CREATE TABLE mydata.my_features (        
    id bigint,
    my_feature1 character(1),
    my_feature2 integer,
    ...
    my_geom geometry
) PARTITION BY LIST (my_feature1);

And using some ad-hoc functions:

CREATE TABLE partitions.%I PARTITION OF cores.rents_core FOR VALUES IN (%L) PARTITION BY LIST (my_feature2)

CREATE TABLE partitions.%I PARTITION OF partitions.%I FOR VALUES IN (%L)

The partitions get created and populated successfully once the data get inserted.

However, when I create the table at the beginning, if I try to add an index like suggested in this Postgres official documentation resource:

Create an index on the key column(s), as well as any other indexes you might want for every partition. (The key index is not strictly necessary, but in most scenarios it is helpful. If you intend the key values to be unique then you should always create a unique or primary-key constraint for each partition.)

like a spatial index:

CREATE INDEX "mydata_my_features_geom_idx" ON mydata.my_features using gist(geom);

I get an error like:

ERROR: cannot create index on partitioned table "my_features"

Is that actually possible add this kind of index or I am doing something wrong?

1 Answer 1

2

As documented in the manual

Partitions may have their own indexes, constraints and default values, distinct from those of other partitions. Indexes must be created separately for each partition

(emphasis mine)

So as you are using Postgres 10, you need to create that index manually on each partition (the part you quoted from the manual even shows that the indexes are created for each partition, not for the partitioned table).

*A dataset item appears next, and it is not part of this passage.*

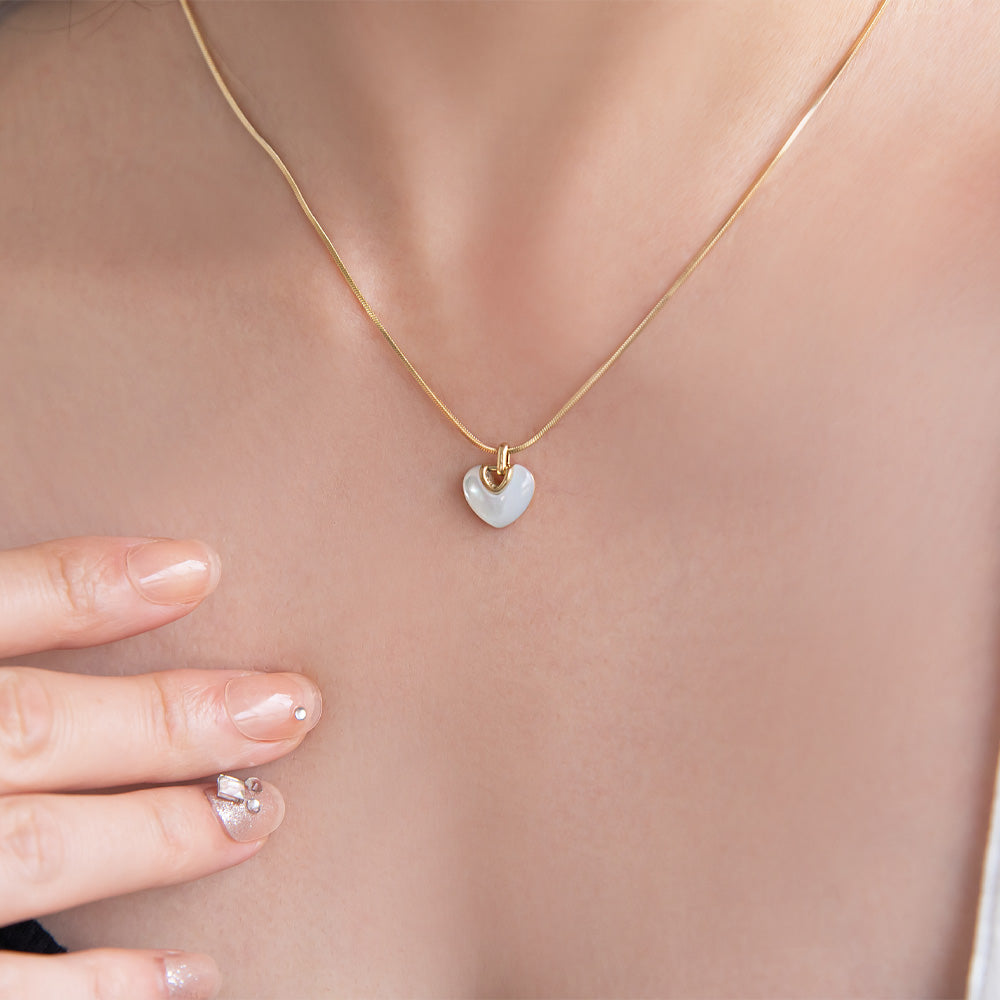 ネックレス ステンレス シェル ハート プチネックレス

With Postgres 11, indexes can defined on the master table and will automatically be created on each partition.

If you need partitioning you should consider upgrading to Postgres 11 anyway as that massively improved the partitioning capabilities (including performance)

2
  • true! erroneously I was reading postgresql.org/docs/11/… that is relative to version 11 of Postgres which looks allowing to put indexes directly on the main table avoiding repetitive indexes.
    – Randomize
    Commented Feb 20, 2019 at 19:50
  • @Randomize: I really recommend to upgrade to Postgres 11 if partitioning is that important to you. v10 only added very basic partitioning support. Postgres 11 added a lot of important features and improved performance.